In the blog this morning, we reported on federal Industry Minister Ed Husic’s comments branding gas companies as “tone-deaf” for not offering cheaper prices to the Australian market amid a projected 20 per cent increase in domestic gas prices next year.
Now, former prime minister Malcolm Turnbull has backed calls for export controls on gas to help curb power prices – and for investment in renewable energy as the longer-term solution.
Here’s what he had to say at an Australia Institute event in Sydney earlier today:
“It is crazy that the largest or second-largest exporter of liquefied natural gas is not able to control gas at affordable prices for its own population.
The government should use its power to control gas exports to ensure that there is enough gas available in Australia to keep that price at or around the pre-crisis level.
The long-term solution is very clear – it is renewables plus storage, that is not even an arguable or debatable issue, it’s just a question of how quickly you can roll it out.”
Turnbull also said it was a mistake for the east coast to not implement a domestic gas reserve, similar to that in Western Australia.
It comes after the Australian Competition and Consumer Commission released a report in August warning against allowing exporters to sell all of their uncontracted gas overseas next year.

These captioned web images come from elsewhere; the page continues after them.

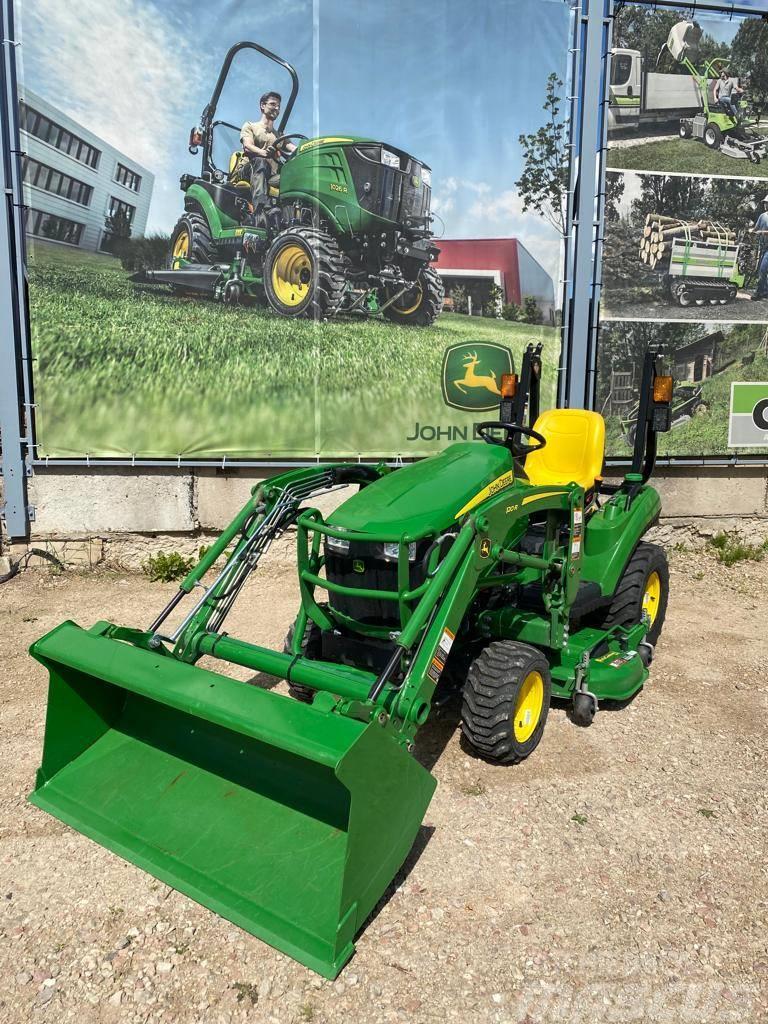 John Deere 1023 E Kompakte traktorer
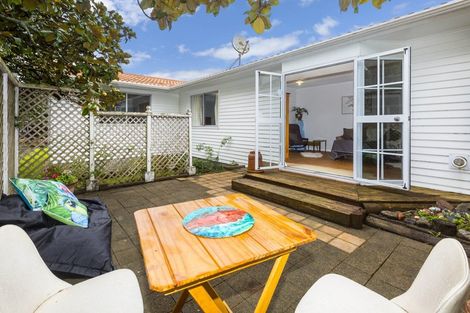 Photo of property in 23 Omaha Grove, Totara Park, Upper Hutt, 5018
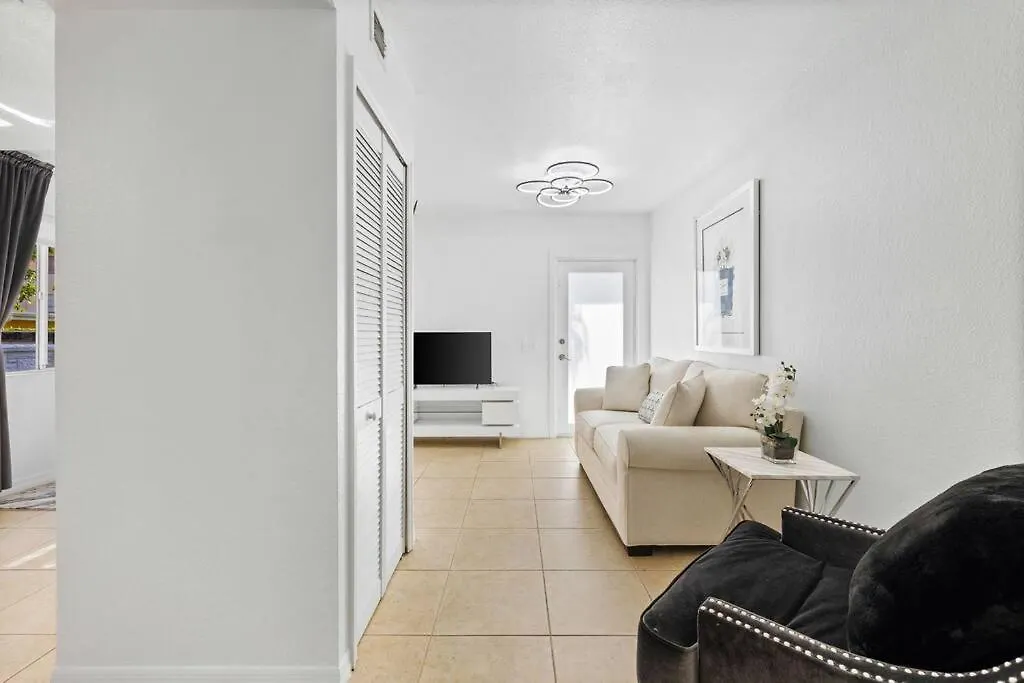 شقة Beautiful In The Heart Of Apt 8 ميامي
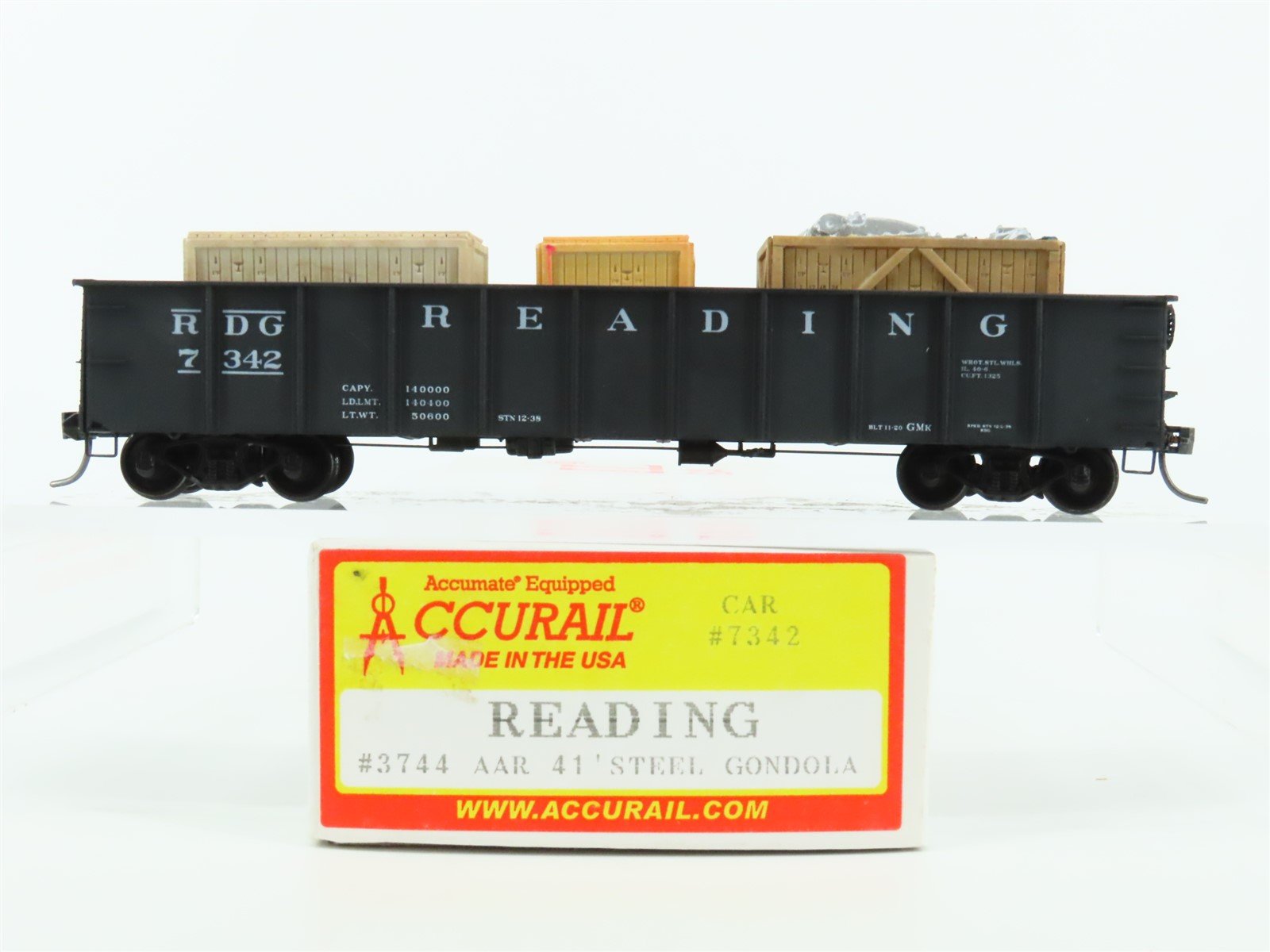 HO Scale Accurail 3744 Reading 41' Gondola Car #7342 w/ Custom Load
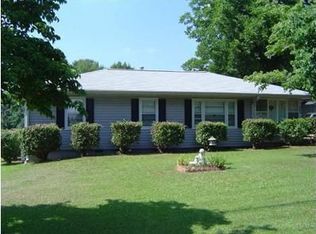 779 Smokey Rd, Newnan, GA 30263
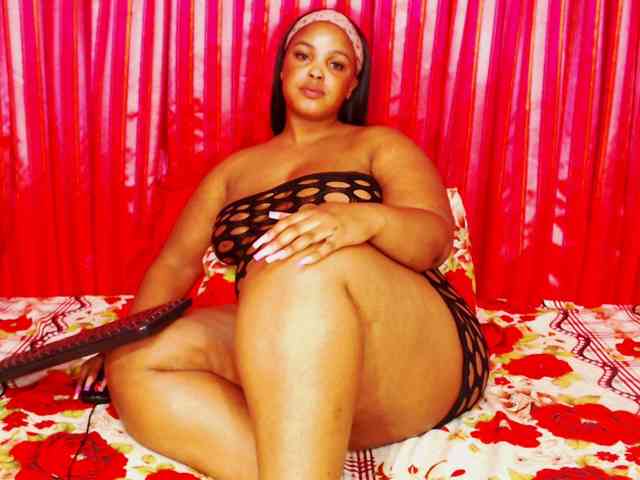 DivineBootyxxx webcam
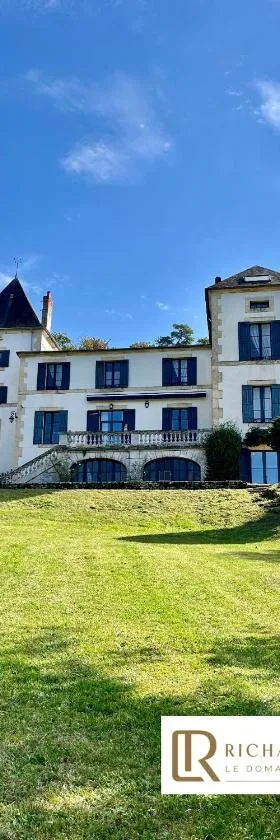 Richard Lequet Domaine gastronomique du Val d Atur，位于保拉扎克的酒店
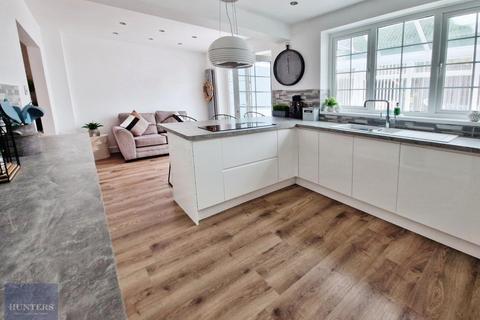 68 Hendre Road, Pencoed, Bridgend, CF35 6TN
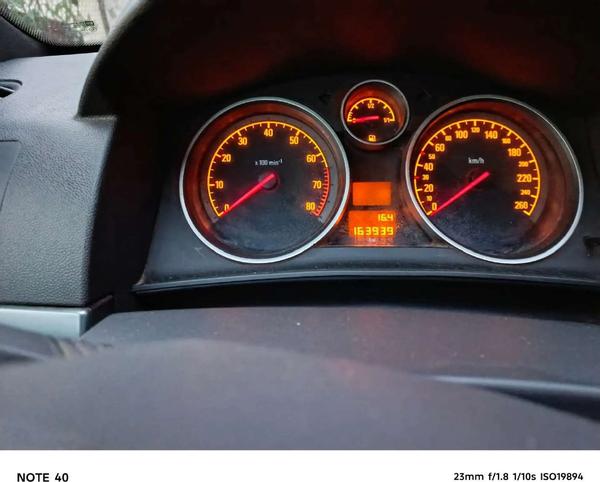 Opel Astra 2010, фото 2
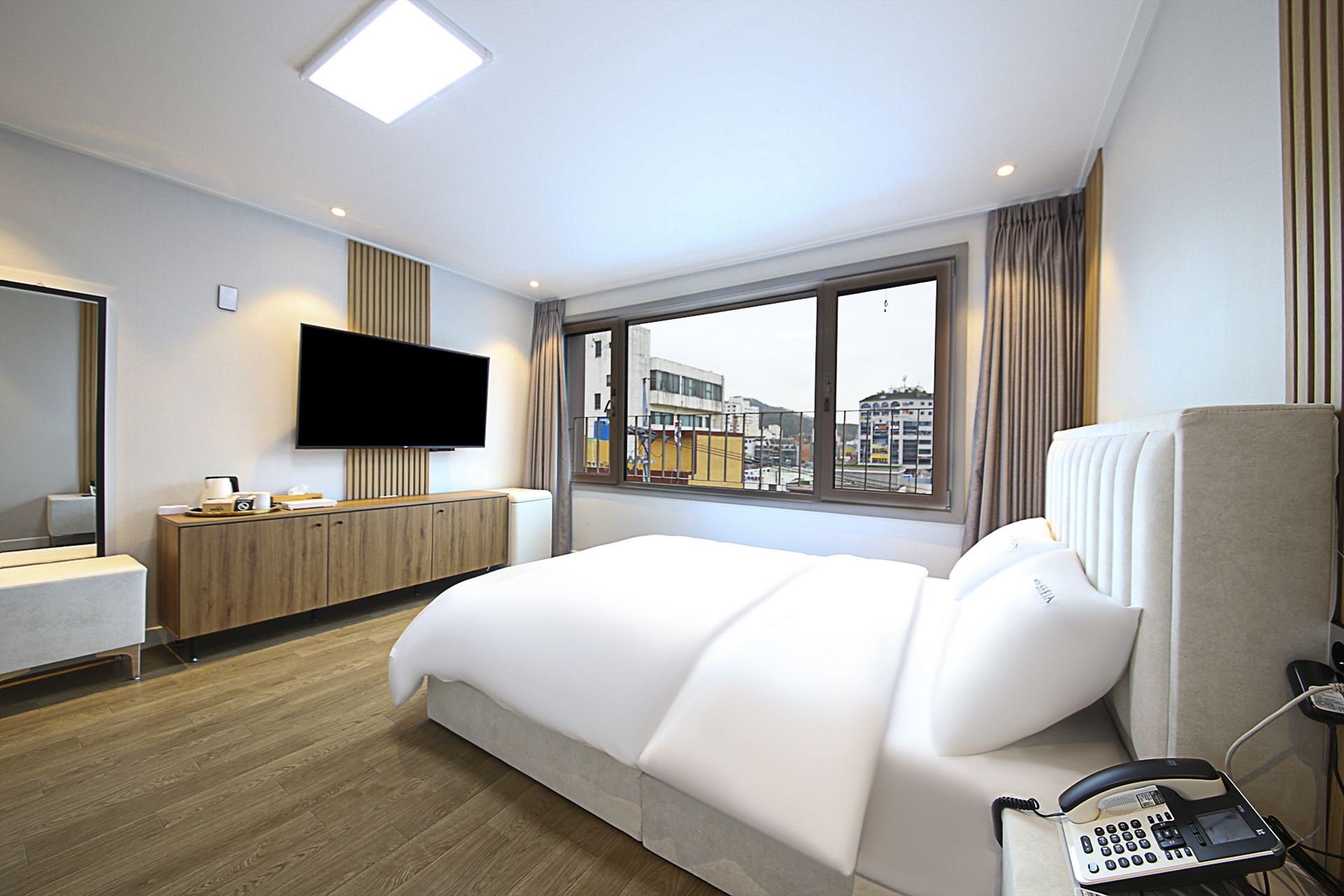 디럭스 더블(넷플릭스,인터넷 TV,스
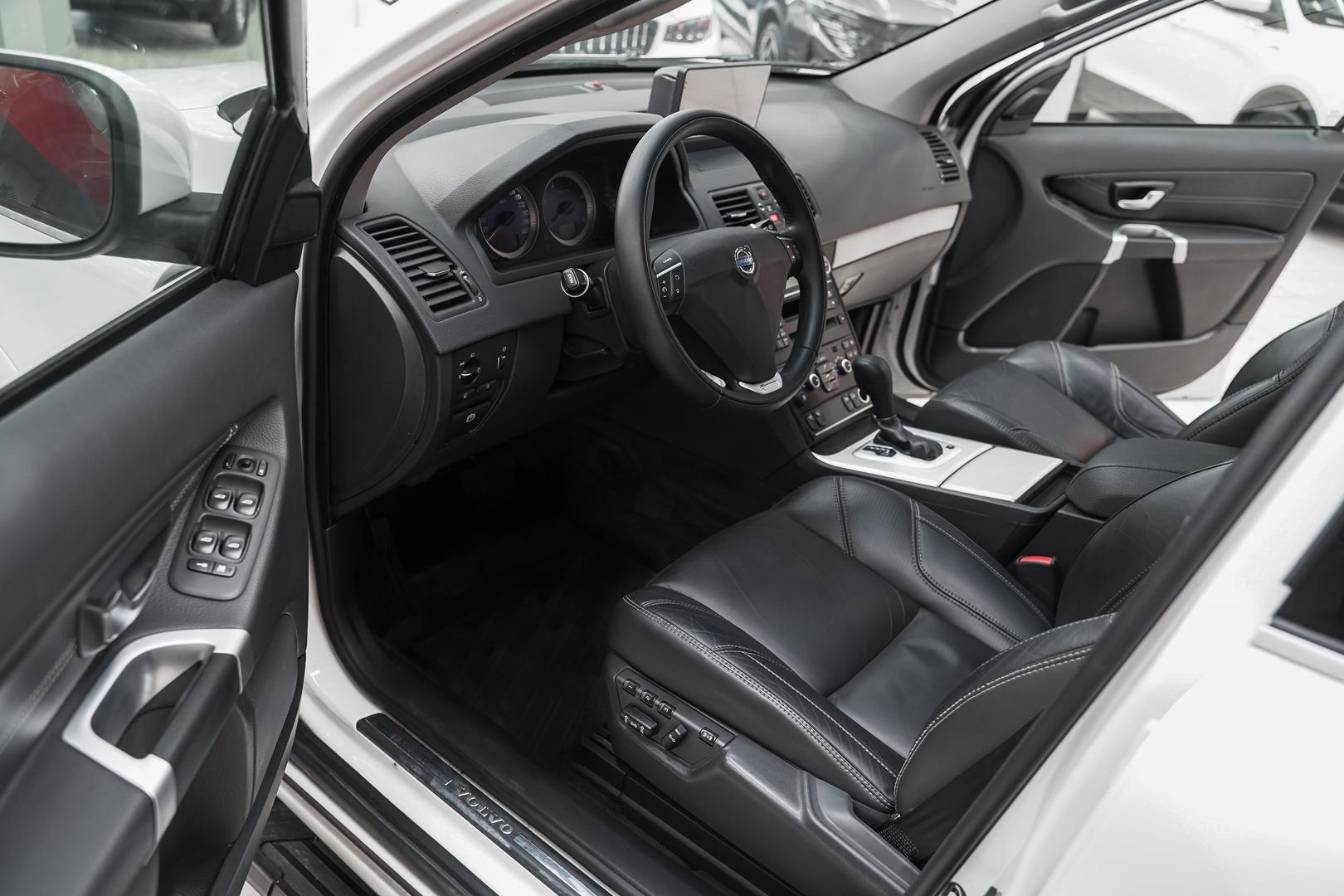 Volvo XC90 2012, белый, ДЦ Орехово
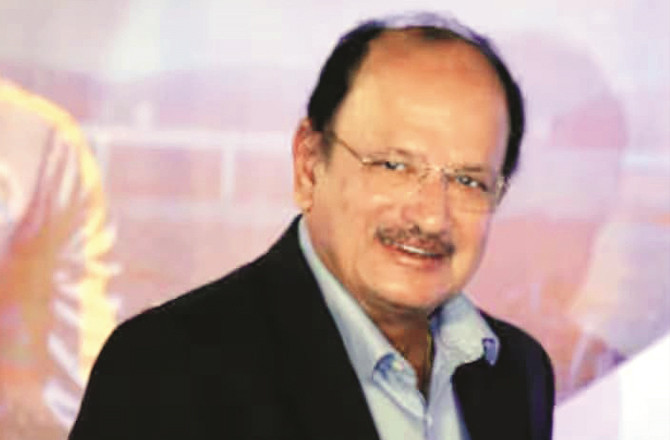 اجیت واڈیکر نے کرکٹ کے متعدد شعبوں میں خدمات انجام دیں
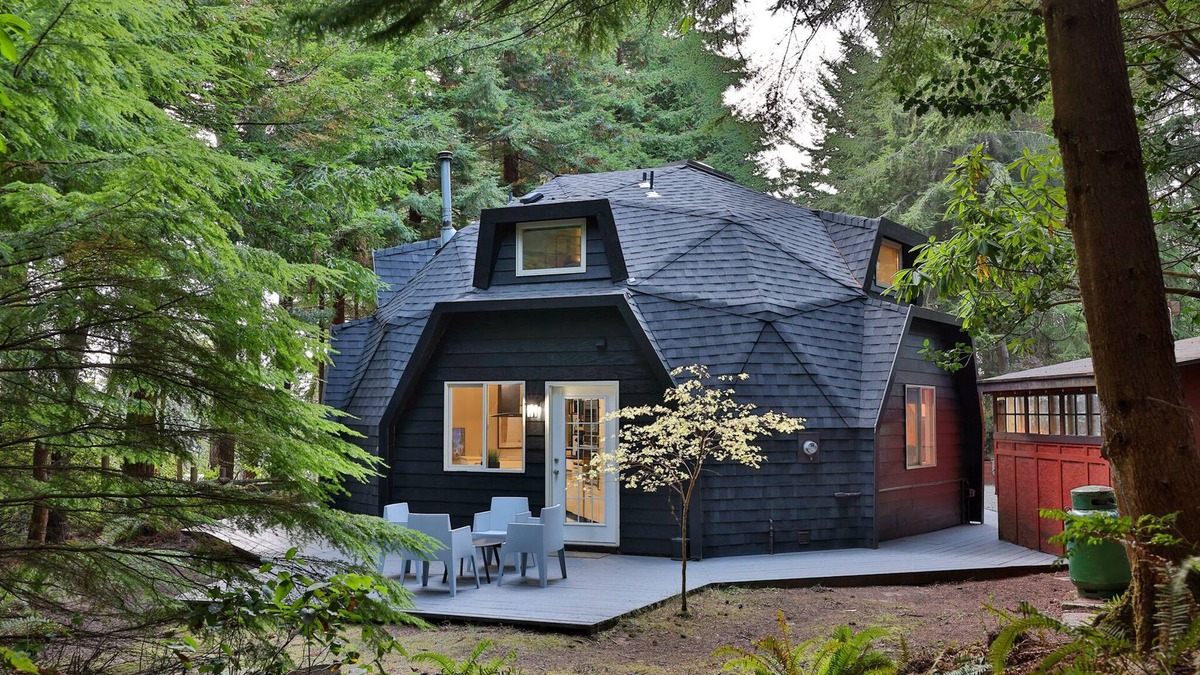 Coos Bay House | Private Dome Hidden in the Trees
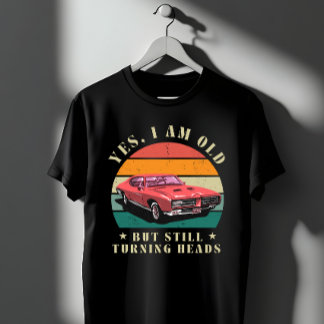 Camiseta Velho Mas Virando Cabeças Arte Retro de Carro Musc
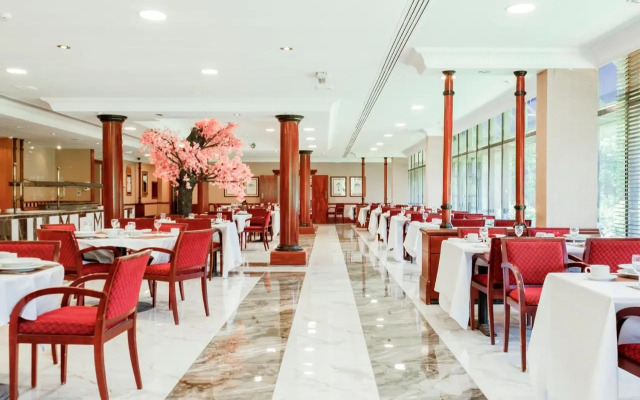 Muthu Glasgow River Hotel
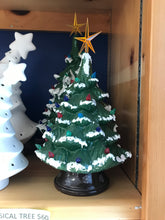 Load image into Gallery viewer, Vintage Christmas Tree 9.5"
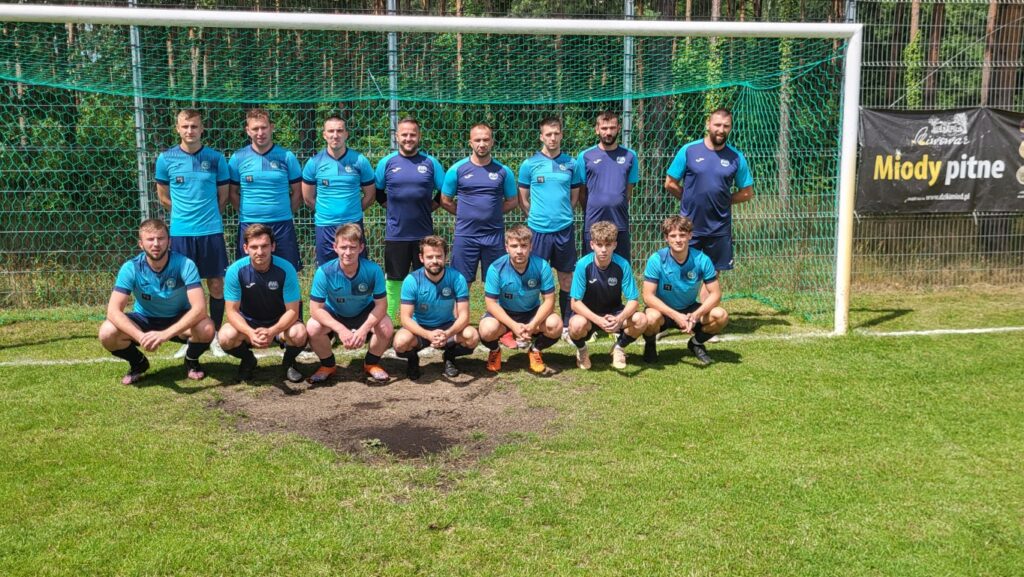 mecz oldbojów Stowarzyszenia Victoria Sianów z Olimpem Złocieniec 16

“In the current environment of high international energy prices (including gas and LNG), tight LNG markets, broader supply chain problems, geopolitical instability, inflation and uncertain demand for gas powered generation domestically, we support the Australian government placing greater focus on energy security,” the report read.
As energy prices heat up, David Crowe reports on a debate brewing along state lines about whether states such as Queensland and Western Australian should ramp up gas supply to NSW and Victoria.
Victorian Premier Daniel Andrews said on Monday that Australians wanted their gas to go to the domestic market first before meeting demand from customers overseas.
NSW Treasurer Matt Kean has also suggested liquefied natural gas from Western Australia could be shipped to NSW and pumped into the eastern gas pipelines.
The South Australian Chamber of Mines and Energy and the Queensland Resources Council are among those criticising proposals they say would see their states pay for the failure of NSW and Victoria in developing their own resources.